Aim of the exercise:
Leave the pictures in the listing below aside and reproduce exactly the lines starting with the one with "Emma Chamberlain model best pic" and going on through the one with "当店以外では食べられない味!昔から変わらず大人気のメニュー、アリラン特製です。", both ends included.
*** Opening Dataset records ***
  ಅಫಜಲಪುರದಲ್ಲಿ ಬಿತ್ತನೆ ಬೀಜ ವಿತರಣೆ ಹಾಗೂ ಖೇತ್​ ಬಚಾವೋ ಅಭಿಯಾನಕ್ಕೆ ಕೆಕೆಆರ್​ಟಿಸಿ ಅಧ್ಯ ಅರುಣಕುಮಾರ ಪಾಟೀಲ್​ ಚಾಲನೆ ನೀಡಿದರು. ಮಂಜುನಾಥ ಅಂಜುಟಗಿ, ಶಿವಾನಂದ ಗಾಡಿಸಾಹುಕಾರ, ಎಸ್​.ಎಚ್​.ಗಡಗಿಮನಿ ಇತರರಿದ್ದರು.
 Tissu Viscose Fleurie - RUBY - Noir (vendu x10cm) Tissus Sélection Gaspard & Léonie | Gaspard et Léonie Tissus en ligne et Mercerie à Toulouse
*** Closing Dataset records ***
*** Opening Dataset records ***
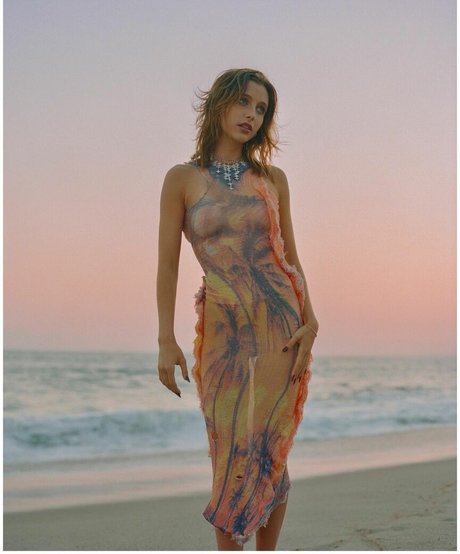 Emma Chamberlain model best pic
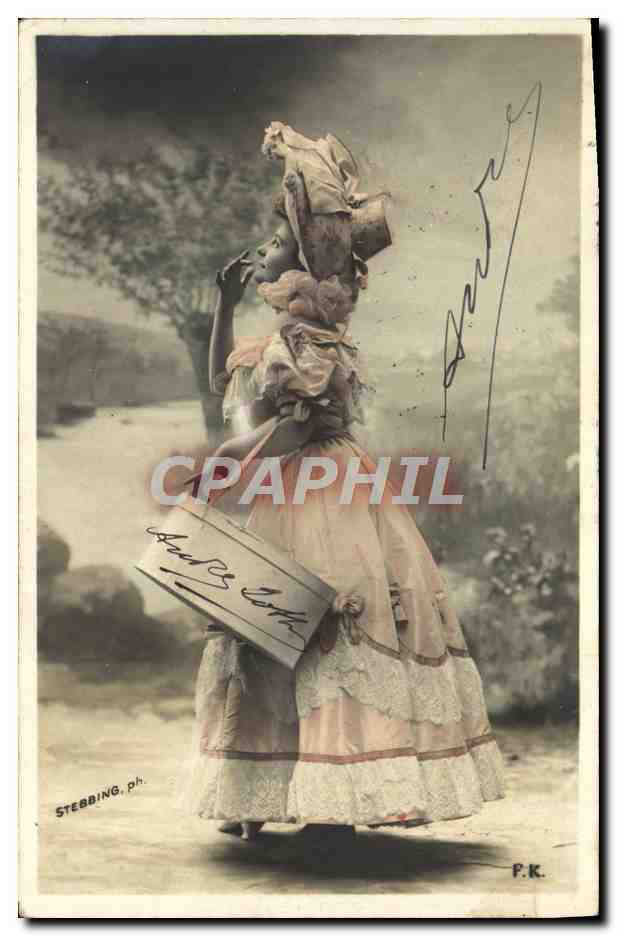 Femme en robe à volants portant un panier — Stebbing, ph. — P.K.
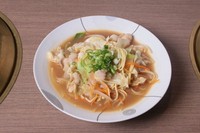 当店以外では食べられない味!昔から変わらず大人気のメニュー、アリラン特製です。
*** Closing Dataset records ***
*** Opening Dataset records ***
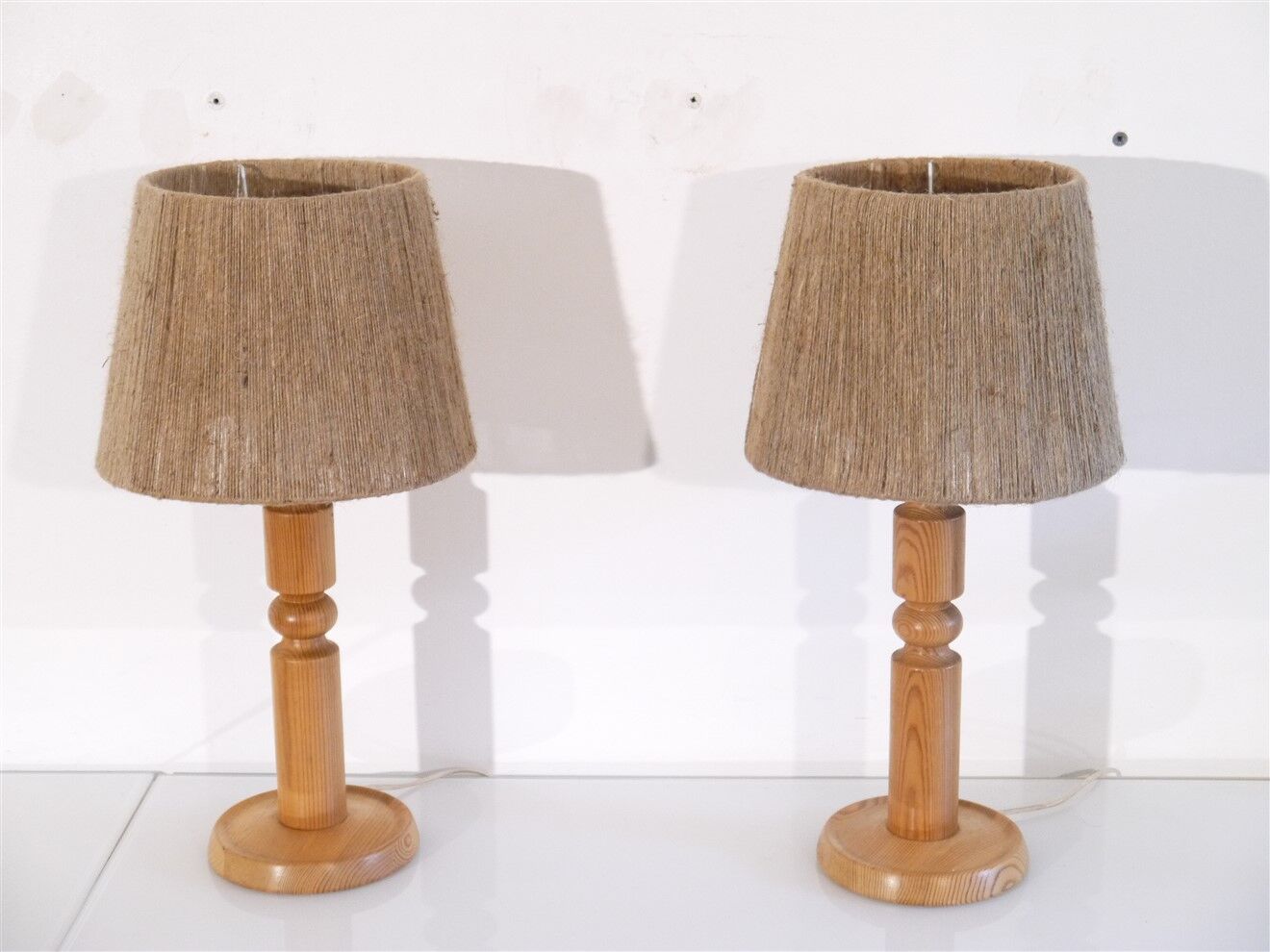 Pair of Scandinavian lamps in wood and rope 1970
*** Closing Dataset records ***
Output for this task:
 Emma Chamberlain model best pic
 Femme en robe à volants portant un panier — Stebbing, ph. — P.K.
 当店以外では食べられない味!昔から変わらず大人気のメニュー、アリラン特製です。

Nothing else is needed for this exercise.